▶ Exercise aim:
Starting with the line that contains "Travel Dessert Integral PowerPoint Template", give again exactly and only each line through the end of the records; include the last line and exclude pictures.

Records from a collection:
* * * * * * * * *
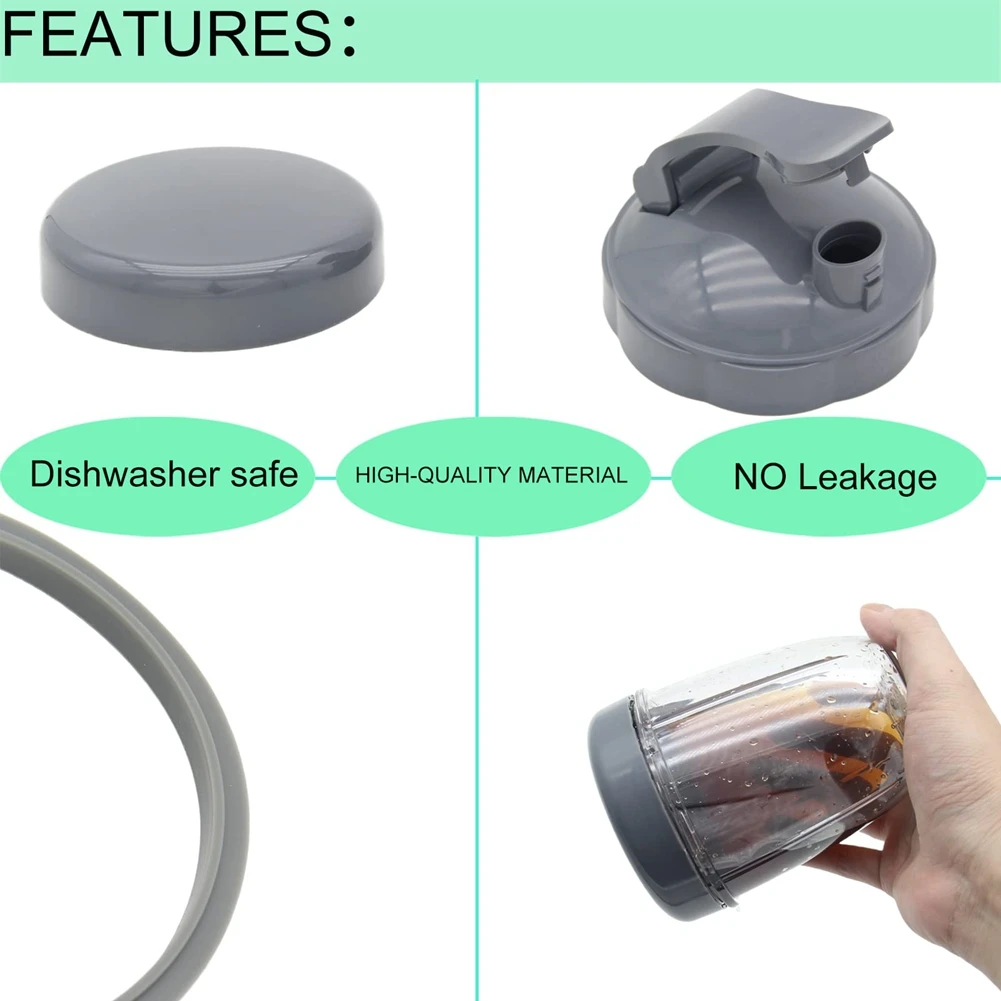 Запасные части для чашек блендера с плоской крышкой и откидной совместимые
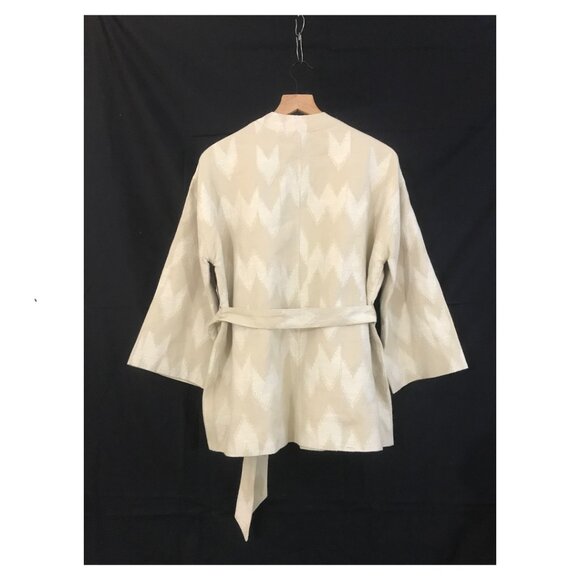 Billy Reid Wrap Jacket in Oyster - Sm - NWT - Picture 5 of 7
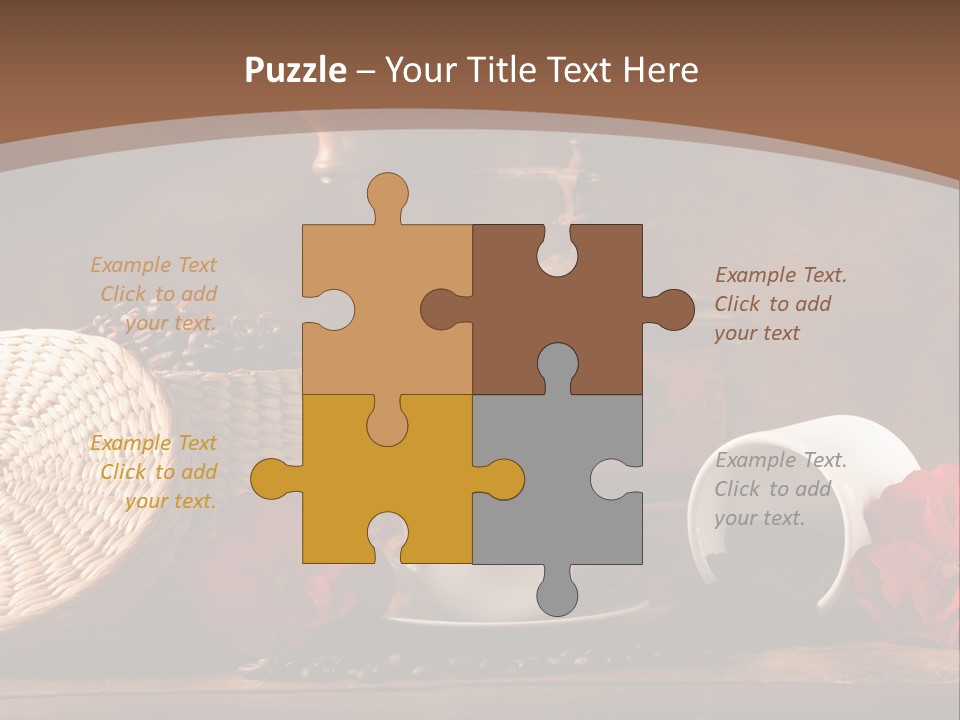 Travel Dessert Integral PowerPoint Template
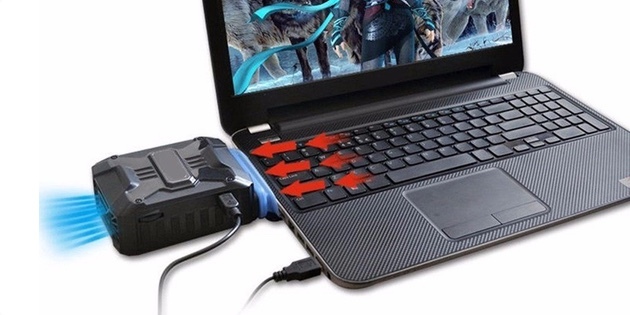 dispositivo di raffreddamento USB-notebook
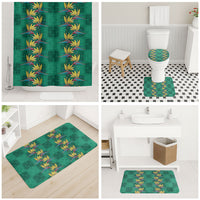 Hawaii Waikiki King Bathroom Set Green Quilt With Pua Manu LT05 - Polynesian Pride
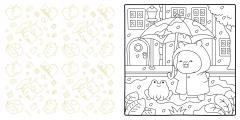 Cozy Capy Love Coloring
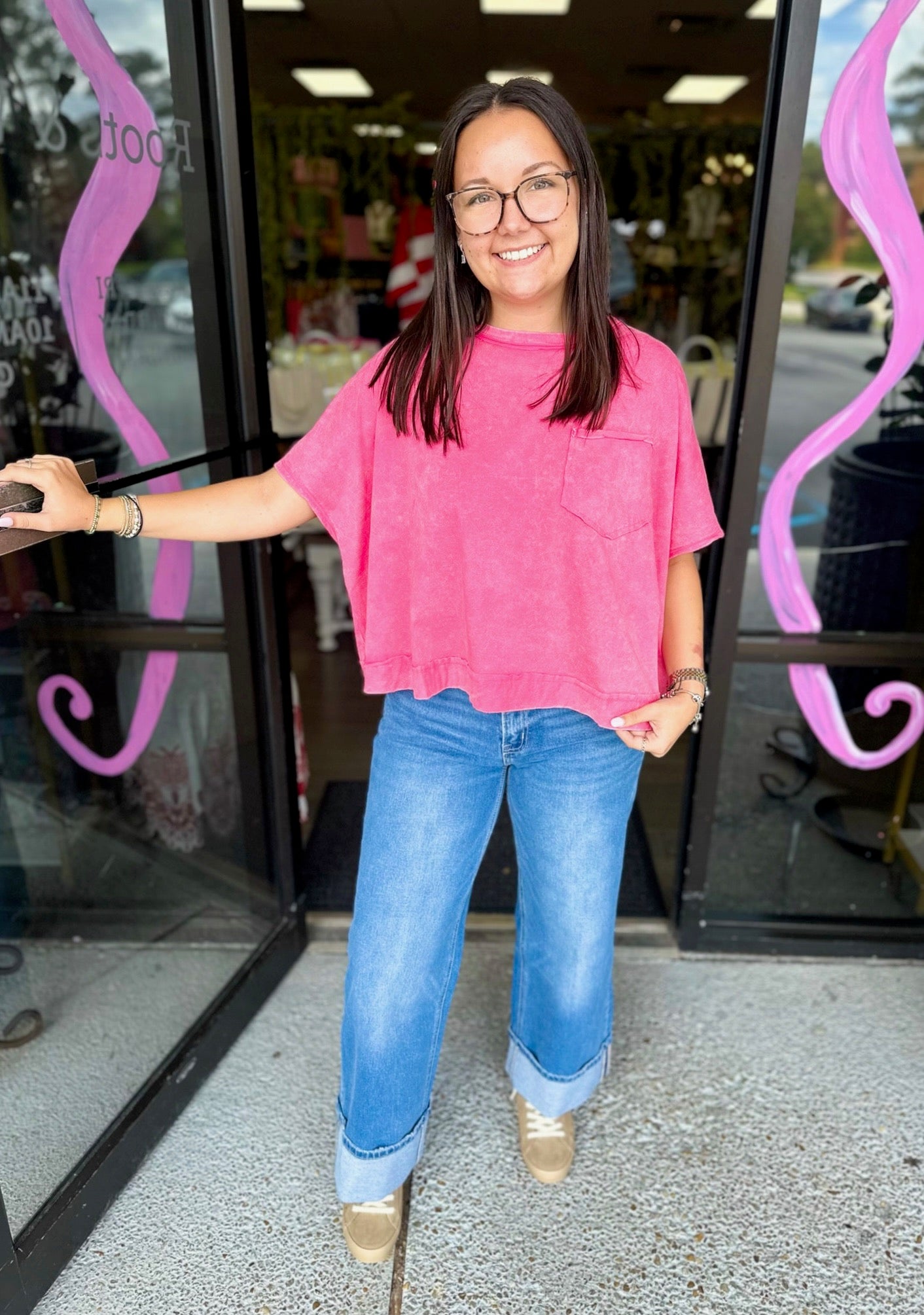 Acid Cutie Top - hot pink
* * * * * * * * *
▶ Answer box:
 Travel Dessert Integral PowerPoint Template
 dispositivo di raffreddamento USB-notebook
 Hawaii Waikiki King Bathroom Set Green Quilt With Pua Manu LT05 - Polynesian Pride
 Cozy Capy Love Coloring
 Acid Cutie Top - hot pink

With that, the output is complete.